Impacto no mercado de fósseis
A venda deste ceratossauro provoca apreensão na comunidade científica. A preocupação principal é que a crescente valorização dos fósseis no mercado privado torne mais difícil para museus públicos adquirirem exemplares importantes. Esse fenômeno é conhecido como “efeito Apex”, nome dado após o leilão de um estegossauro que alcançou US$ 45 milhões, inflacionando o mercado de fósseis.
Descoberto em 1999 na Bone Cabin Quarry, em Wyoming, o fóssil passou anos em exposição no Museum of Ancient Life, em Utah. Em 2014, foi vendido para a Fossilogic, uma empresa de paleontologia comercial. Recentemente, o fóssil foi restaurado através de impressões 3D e suportes metálicos, métodos que ajudam para que os ossos frágeis sejam estudados e exibidos com segurança.
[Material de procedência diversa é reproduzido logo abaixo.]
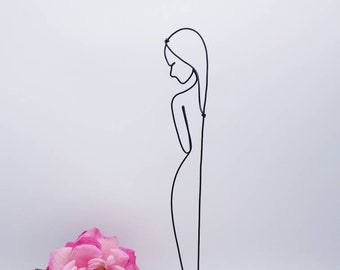 Wire sculpture of standing woman, elegant woman, personalize, office decor, home decor, desk decor, wire art, woman's figure, woman's body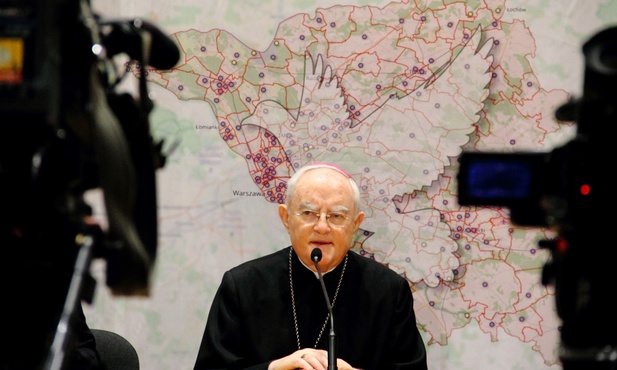Abp Hoser: Kult Maryi w Medjugorju jest "zdrowy"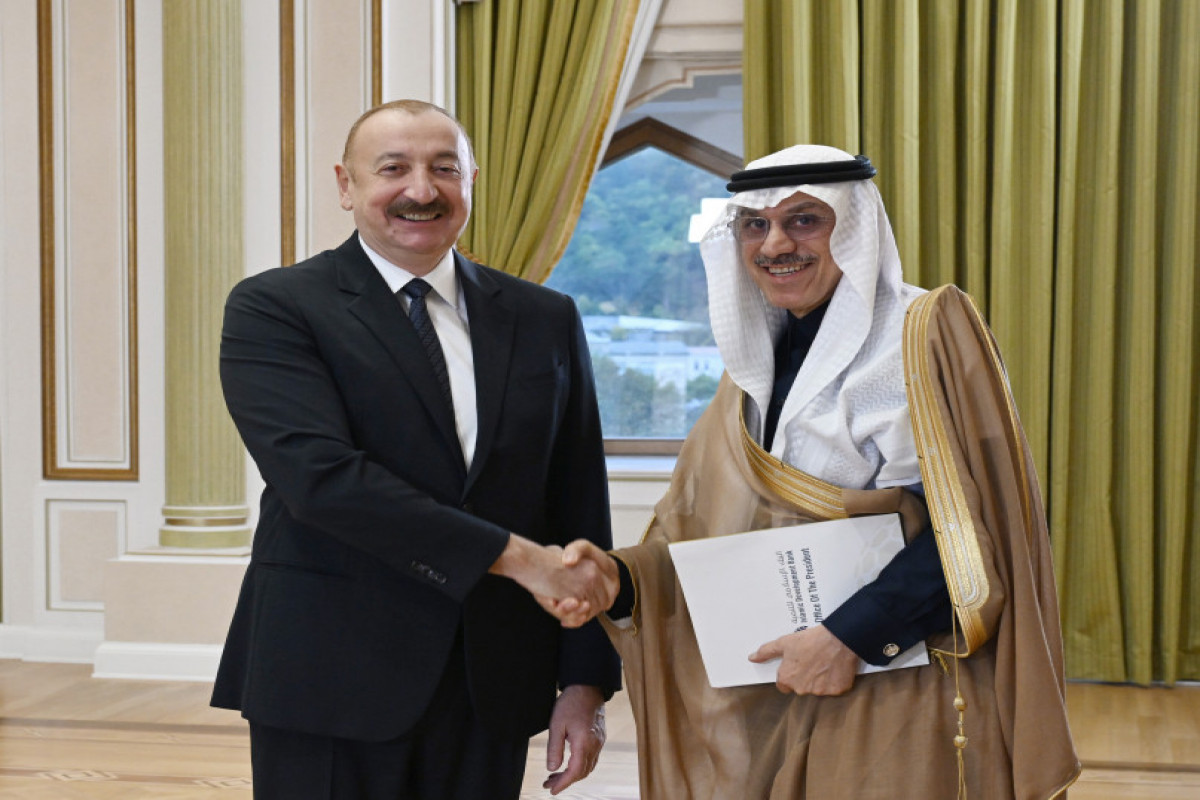 Le président azerbaïdjanais reçoit une délégation de responsables des organismes membres du Groupe de coordination arabe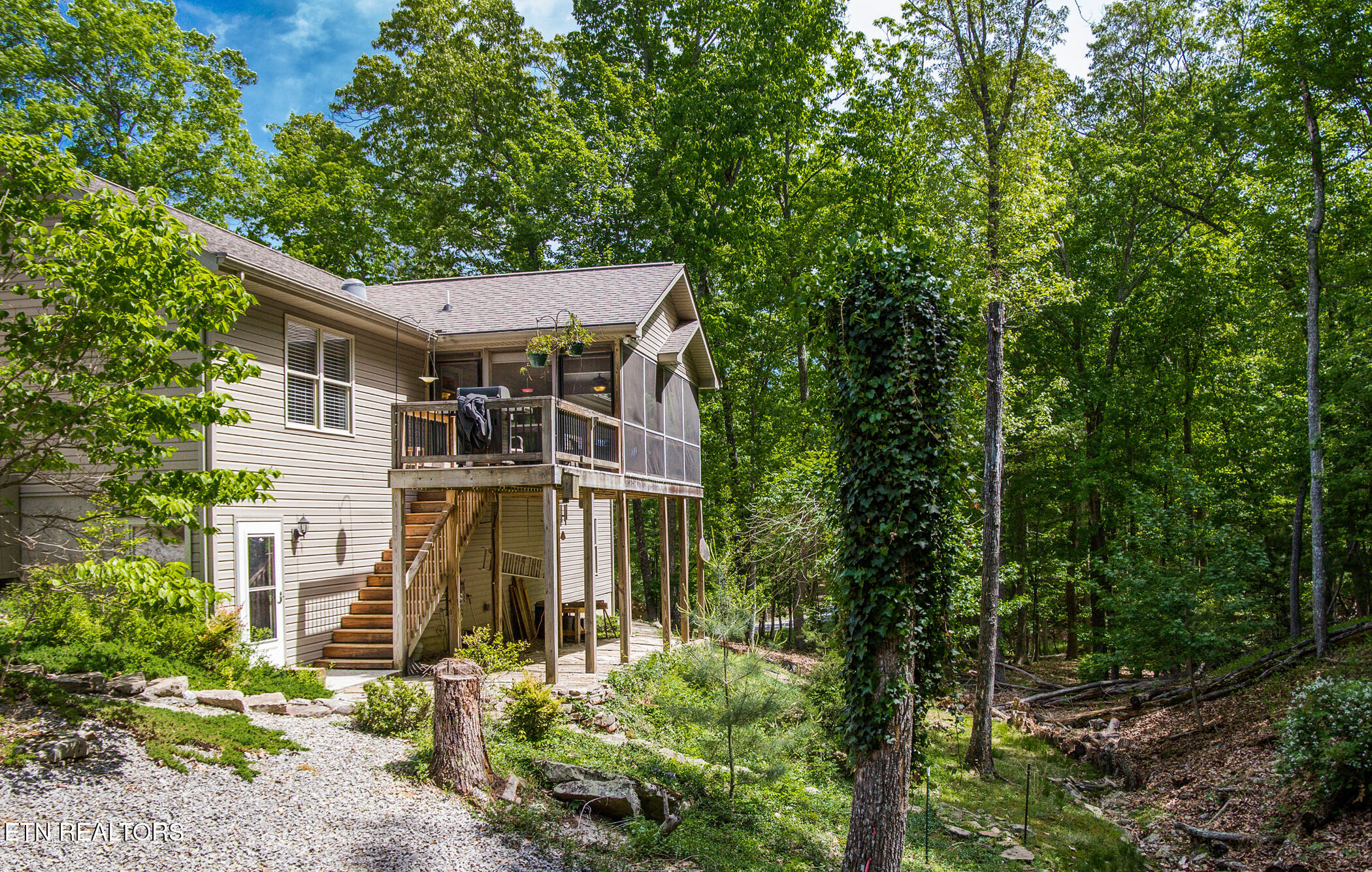 22 Chelteham Lane Crossville TN 38558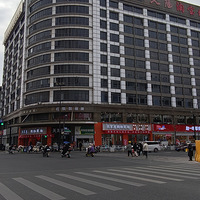 �����Ա��ǾƵ�ʽ��Ԣ����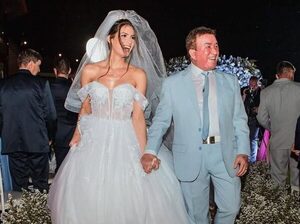 Al cantante Amado Batista le duró solo tres meses su matrimonio, con una 51 años menor que él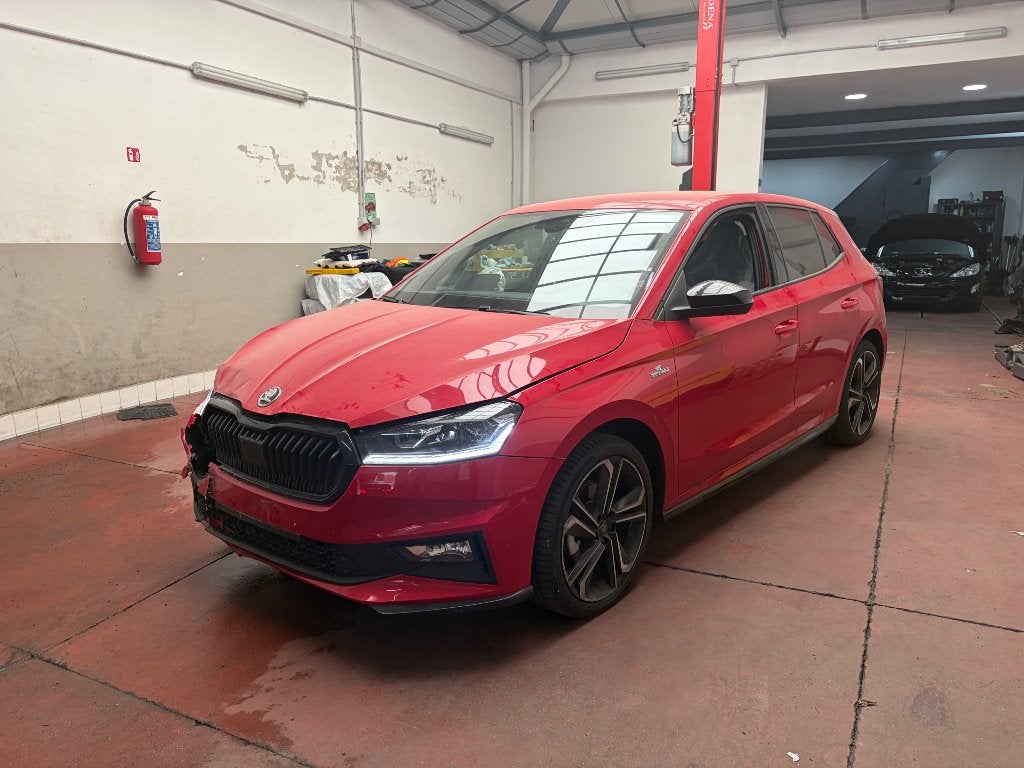 Skoda Fabia Monte Carlo uit 2025 met 915 km ongeval, Auto's, Stof, Euro 6, Berline, Particulier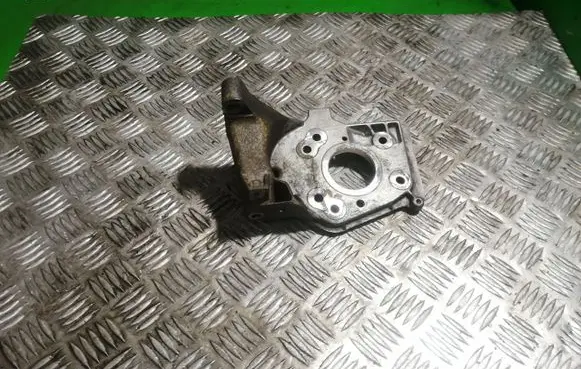 Ford Focus Fuel pump bracket 9684778280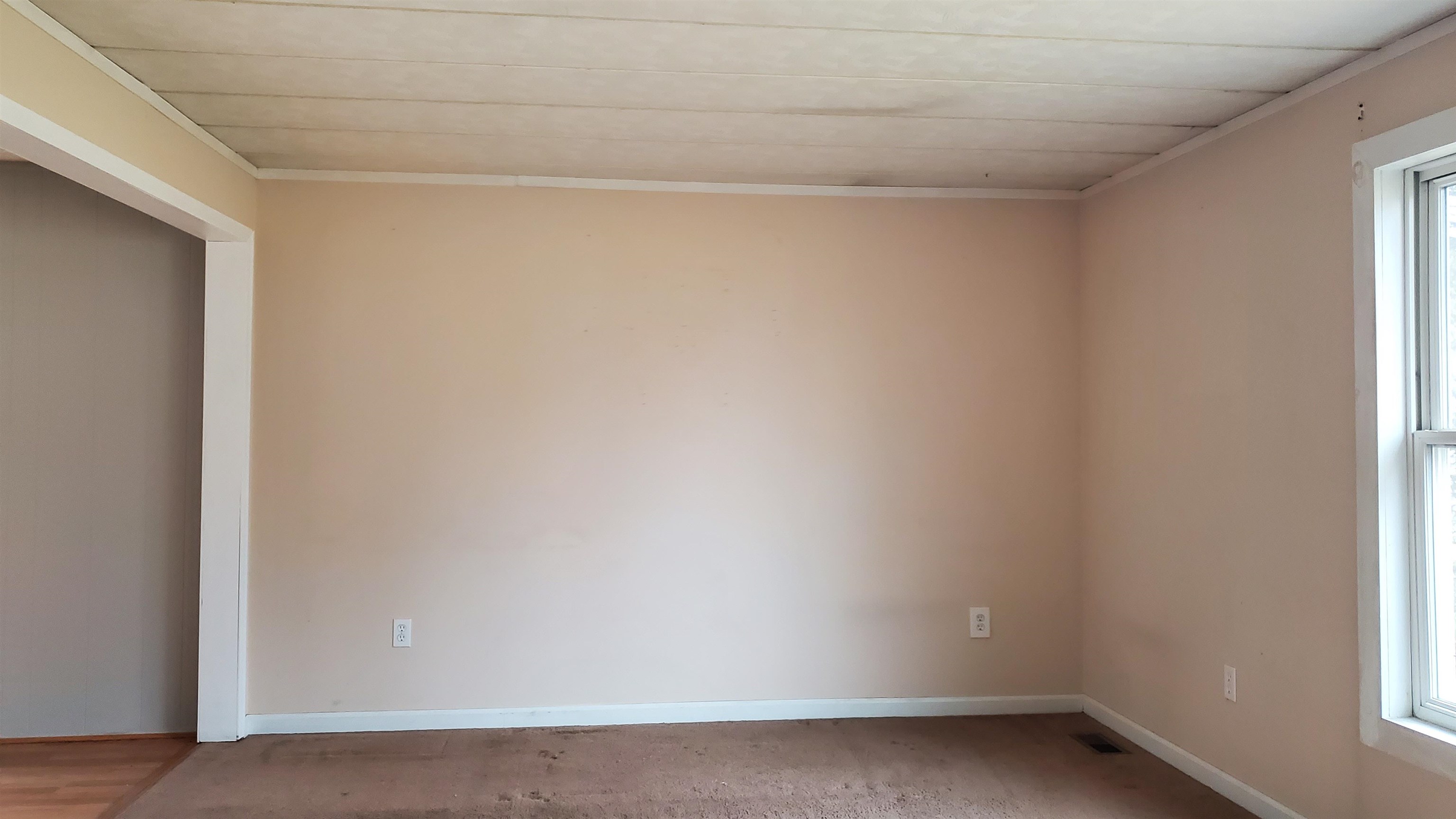 502 South Broad Street Harrison, MI 48625 - Photo 3 of 41 1940628-01156dec-c070-4382-a12d-e69e15b43699.JPG
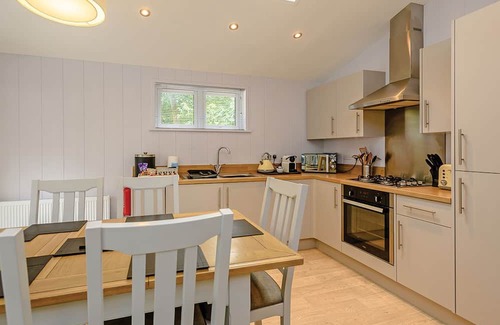 Woolverstone Cabin | 3 bedroom accommodation in Woolverstone, Ipswich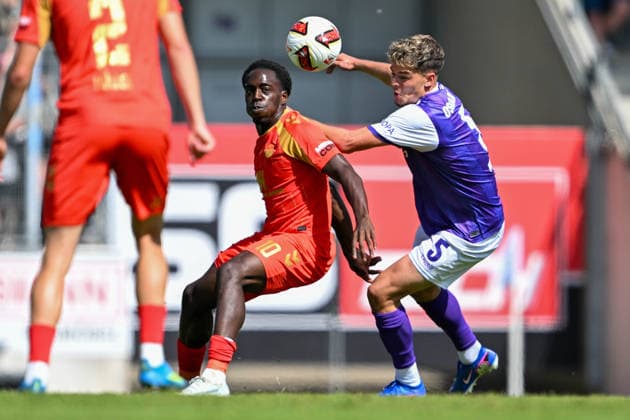 Testspiel 26 27 - VfL Osnabrück - SC Paderborn am 01.08.2026 an der Bremer Brücke in Osnabrück Kennedy Okpala (Paderborn) im Zweikampf gegen Wensing Jonathan (Osnabrueck)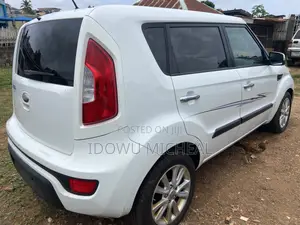 Kia Soul BASE 2013 White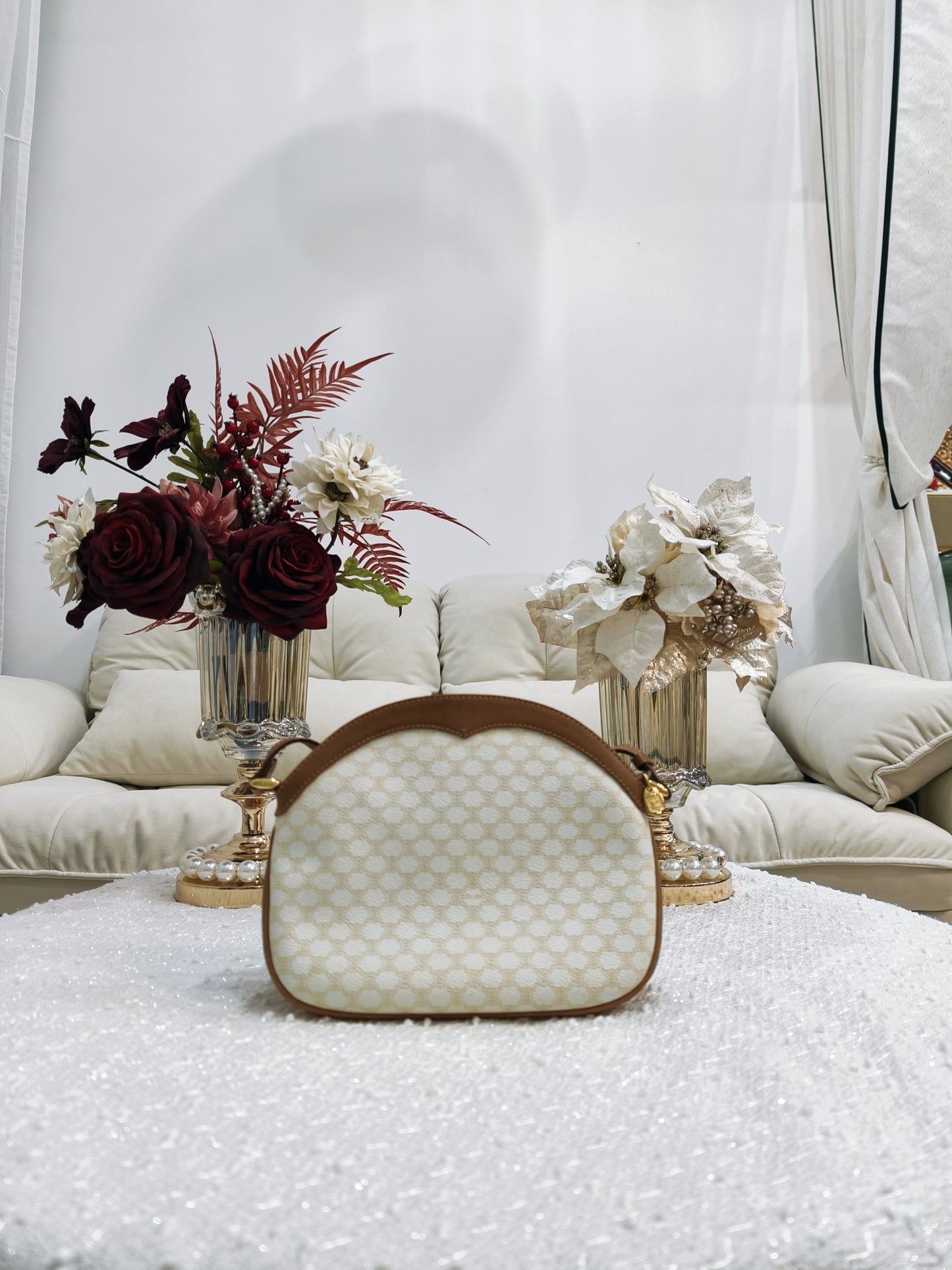 Celine Macadam crossbody Bag 白花**稀有**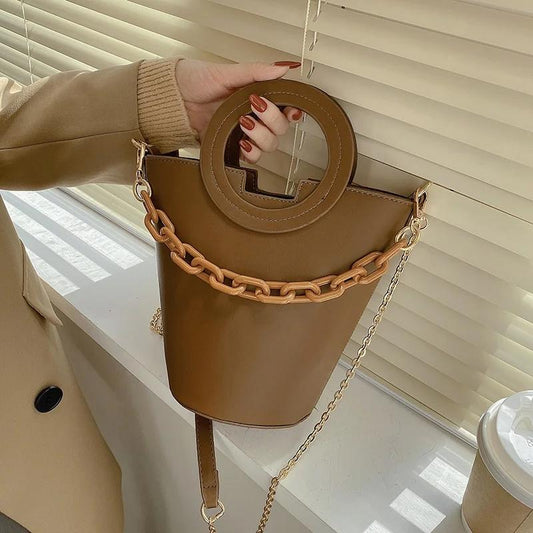 Stylish Round Chain Crossbody Bag For Women - Brown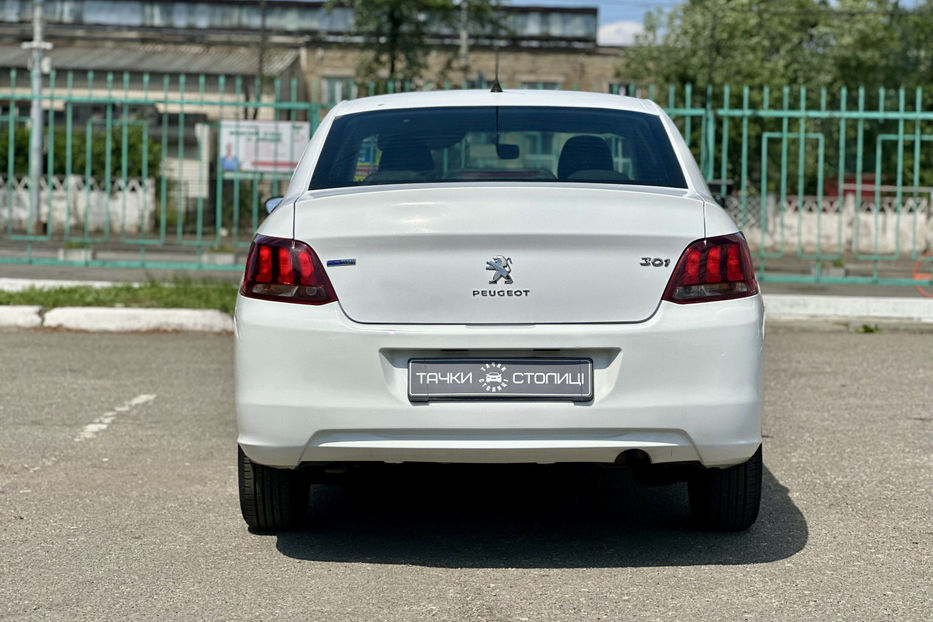 Продам Peugeot 301 2017 года в Киеве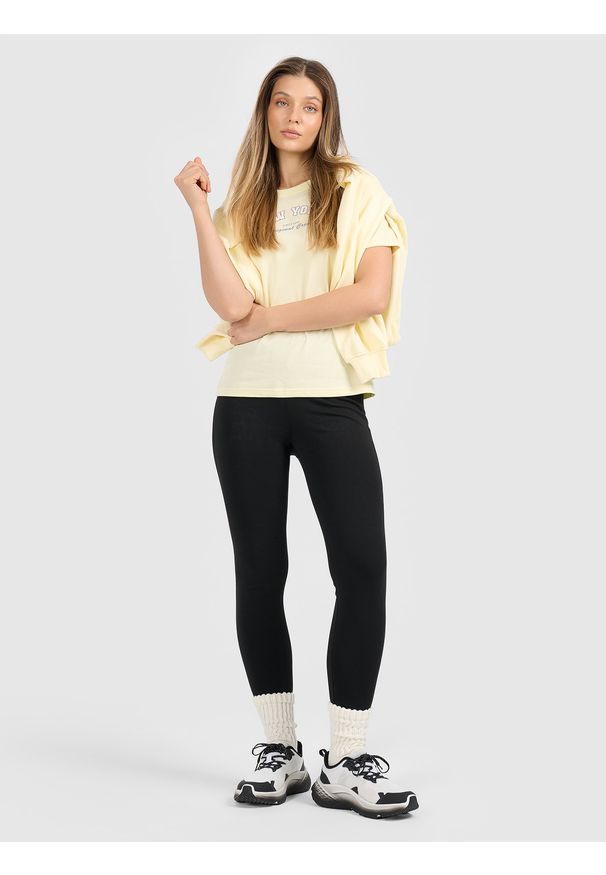 4f - 4F T-shirt regular z nadrukiem damski - żółty XL. Okazja: na co dzień. Kolor: żółty. Materiał: bawełna, skóra, materiał. Długość: długie. Wzór: nadruk. Styl: casual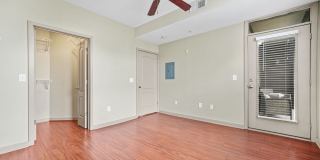 390 17th Street NW Gallery 22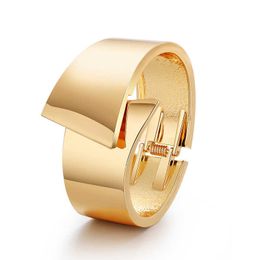 High Quality Trendy Classic Cuff Bangles for Women Gold Colour Charming Geometric Irregular Wide Opening Bangle Bracelet Q0719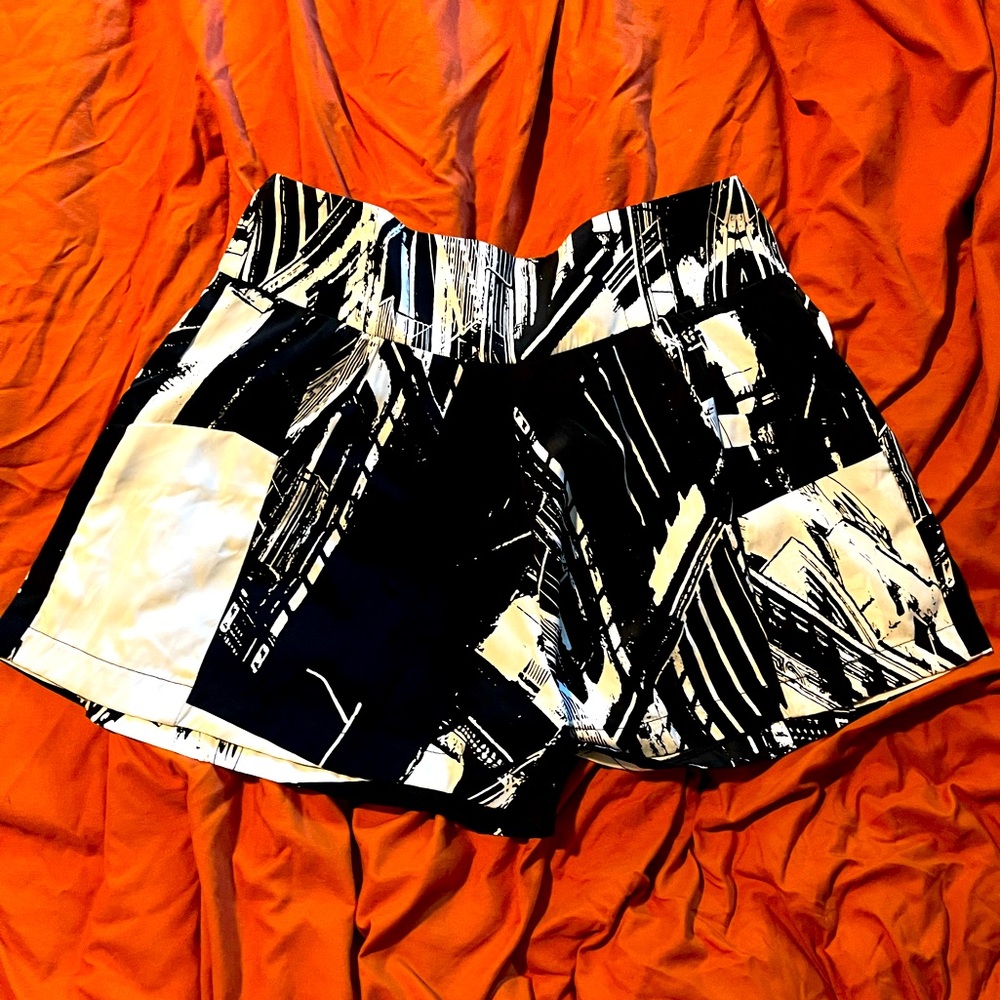 MINKPINK Rhea Black and White Brand New Pocket Shorts Size Small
O leilão gera expectativas não apenas pela venda em si, mas pelas suas consequências no setor de paleontologia. Enquanto críticos destacam o risco de exacerbação da especulação, a Sotheby’s defende que leilões como este promovem a filantropia e ampliam a visibilidade do patrimônio fóssil. Segundo Cassandra Hatton, representando a Sotheby’s, o fóssil ainda não foi descrito em literatura científica por falta de certificação do museu como repositório oficial, o que pode ser corrigido com a venda.